The debate between those who embrace the possibility of democracy in Egypt and those who recoil in fear at the idea of an Islamist “Muslim street” overthrowing the Mubarak autocracy has at times been a dialogue of the deaf. It is far from unreasonable to worry about whether the situation today in Cairo is analogous with that of Tehran in 1979. But that is, as Alana notes, a far cry from the sort of incoherent thinking we’ve been hearing from the likes of Glenn Beck.

Yet the Israeli voices expressing indifference, if not outright hostility, to the unrest in Egypt are a different thing altogether. In the Jerusalem Post last Friday, Caroline Glick summed up the arguments for dismissing the uprising as a possible force for good. For her, the apathy of Israelis about Egyptian democracy is based on knowledge of the strength of anti-Semitism, a force that unites an Arab world that is otherwise split along a variety of lines. She went on to conclude:

While we wish them the best of luck with their democracy movements, and would welcome the advent of a tolerant society in Egypt, we recognize that that tolerance will end when it comes to the Jews. And so whether they are democrats or autocrats, we fully expect they will continue to hate us.

Anyone familiar with the depth of Jew-hatred in the Islamic world — a topic that Glick rightly notes is rarely reported on in the Western press — understands the truth of her assertion. So should we simply dismiss the Egyptian unrest as just a case of reshuffling the Jew-hating deck in Cairo?

A more optimistic view comes from Natan Sharansky, who views the situation in Egypt from the perspective of a former dissident fighting tyranny inside a totalitarian state. Sharansky, who was interviewed in the Wall Street Journal this past weekend, doesn’t address the problem of anti-Semitism, but he does point out the problem with discussing Egypt, or any other country, as if there were only two possible choices: dictators like Mubarak and Islamists like the Muslim Brotherhood.

Sharansky’s point is not that democracy will magically transform Egyptian society into one that will automatically support peace with a Jewish state. Rather, as he asserted in his 2005 book, The Case for Democracy, what is needed in the Arab world are steps that seek to build civil societies whose governments won’t have to depend on exploiting hatred for Israel or Jews (as Mubarak did) in order to keep themselves in power. Merely holding a vote, as happened in 2006 when Hamas won a Palestinian election pitting armed terrorist groups against each other is, more or less, the opposite of democracy. If the West were to maintain a consistent policy of supporting the development of free societies in the Arab world, then there would be a chance for the creation of states that might conceivably make peace with Israel.

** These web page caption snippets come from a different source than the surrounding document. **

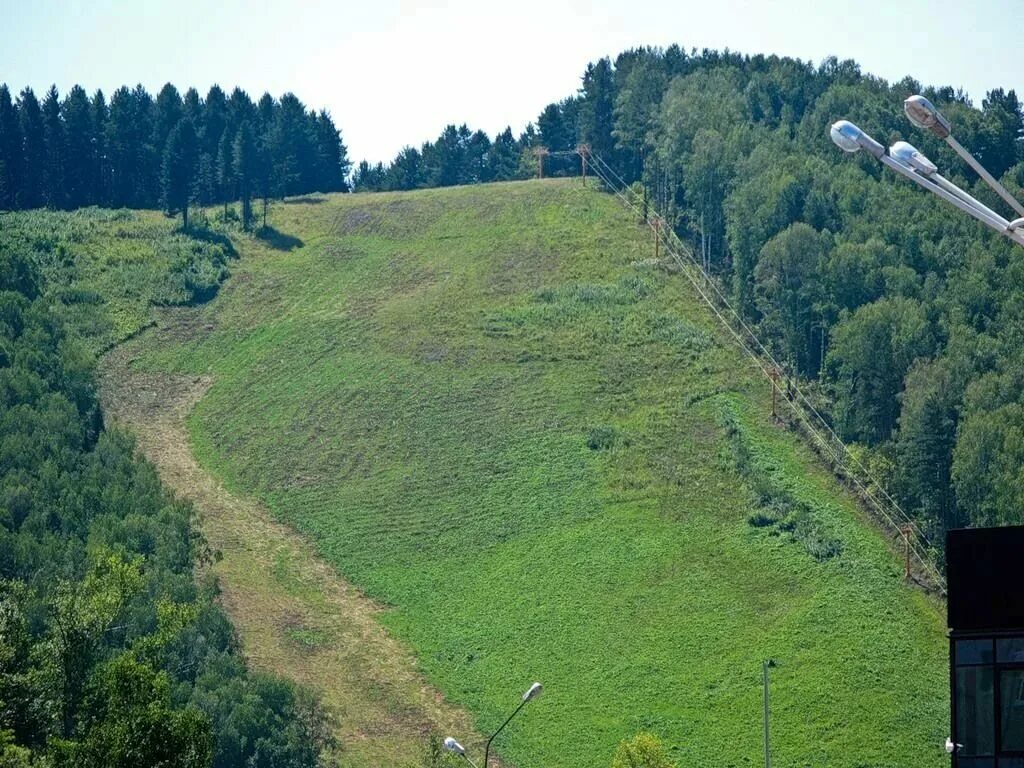 Гора Комсомольская Горно-Алтайск. Комсомолка Горно Алтайск. Комсомольской гора Алтай. Гора Комсомольская горный Алтай.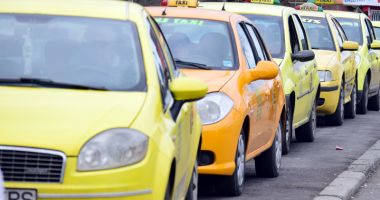 Stire din Social : Regulament draconic. "Toți gherțoii sunt taximetriști. Se comportă și miros urât!"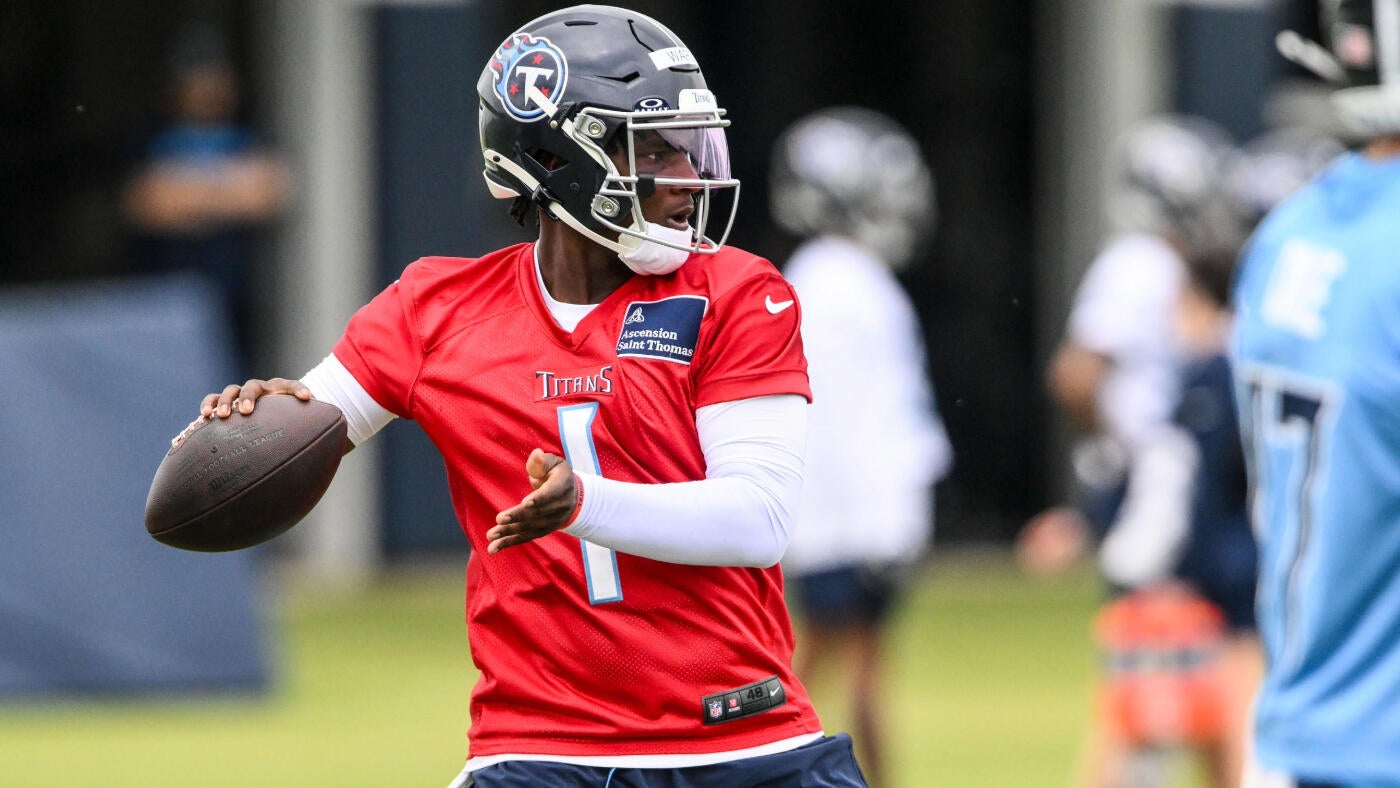 Titans' Cam Ward taking advice from Will Levis amid quarterback competition, aims to prove himself in OTAs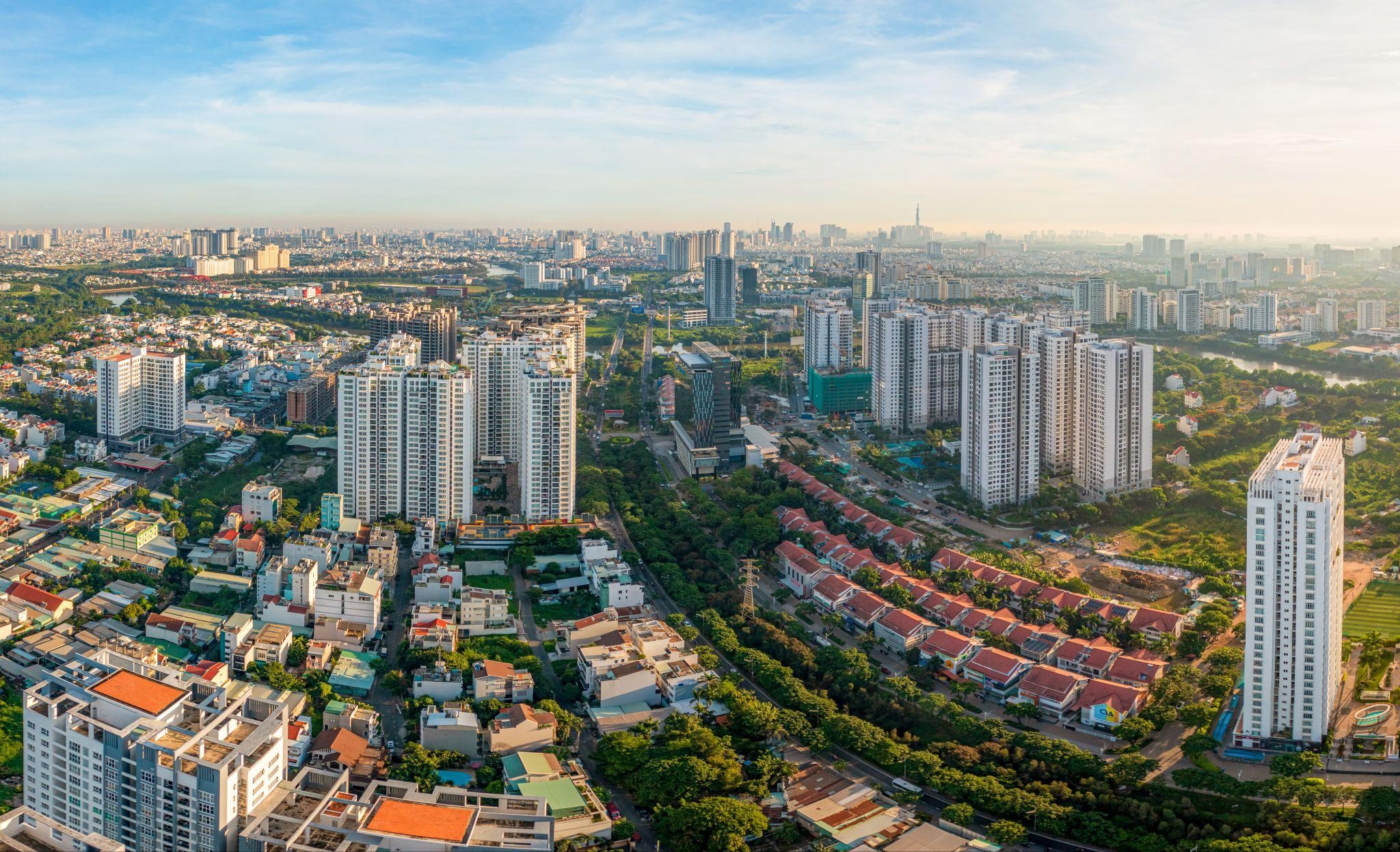 Thị trường bất động sản khu Nam TP.HCM có tín hiệu tích cực khi hàng loạt dự án được phát triển trở lại. (Ảnh minh hoạ)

The notion that the Palestinians will give up their war on the Jewish state simply because we want them to is unrealistic and the product of the sort of magical thinking that predominates on the left. By contrast, realists about the Arab world are right when they claim that the only way such a peace will happen will be in the event of a complete transformation of Arab political culture, something that doesn’t seem possible in the foreseeable future. But what Sharansky and other Israelis and Americans who advocate support for Egyptian democracy are saying is that the unrest in Cairo is something that could eventually lead to just such a transformation if genuine liberals were given the help they need to defeat Islamists. That doesn’t mean we should ignore Glick’s warnings about the prevalence of Jew-hatred or countenance a “democratic” process that would bring the Muslim Brotherhood to power. Nor should we engage in mindless optimism about Egypt. But we should not dismiss the chance, however much of a long shot it might be, that the creation of genuine democratic institutions offers the possibility of hope for something better.